Tuesday, April 16, 2024

Ekiti 2018: Lessons Fayose must learn from Mimiko

Though, controversial with his utterances in most cases, Ekiti State governor, Ayodele Fayose, remains one of the most respected governors in the country, for his tenacity and
strong political will.

Notwithstanding that his party, the Peoples Democratic Party, lost at the centre in the 2015 presidential election, Fayose is yet to see reason why he should lose grip of Ekiti State, which he won some two years ago.

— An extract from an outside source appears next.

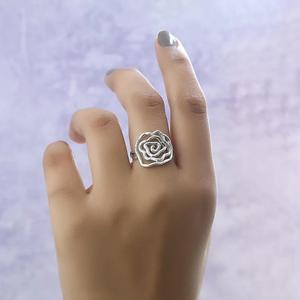 Anillo Espiral Cristiano de Plata de Ley para Mujer, Estilo Boho, Grueso, Ecológico, con Diseño de Espiral, Regalo Único para Mamá - Product Image 2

Though, several allegations have trailed his election, which many said had the input and support of the then federal might under the PDP, since the All Progressives Congress, headed by President Muhammadu Buhari, took over the central government, the popular
governor, known as ‘Oshoko,’ has refused to back down, fighting strong as opposition against the ruling party.
But with Fayose’s struggles to ensure that he remains in the main stream of Nigerian politics, observers are quick to caution him to understand that he has many lessons to
learn from the flaws that cost the outgoing governor of Ondo State, Olusegun Mimiko and the PDP the Ondo State governorship slot, especially if he does not want to suffer the same fate which Mimiko suffered.
According to the observers, Mimiko, as astute as he is in Ondo politics, hardly believed, before the election, that he would finally lose the grip of the state to the opposition party, having severally defeated the opposition in the past. Ondo electorate, perhaps, having
had enough of the deception of ‘Iroko’, as Mimiko is fondly called in the state, decided to give another political platform the opportunity to serve and in the November 26 gubernatorial election, pitched their tent with the APC. Many reasons have, however, been
adduced for this development.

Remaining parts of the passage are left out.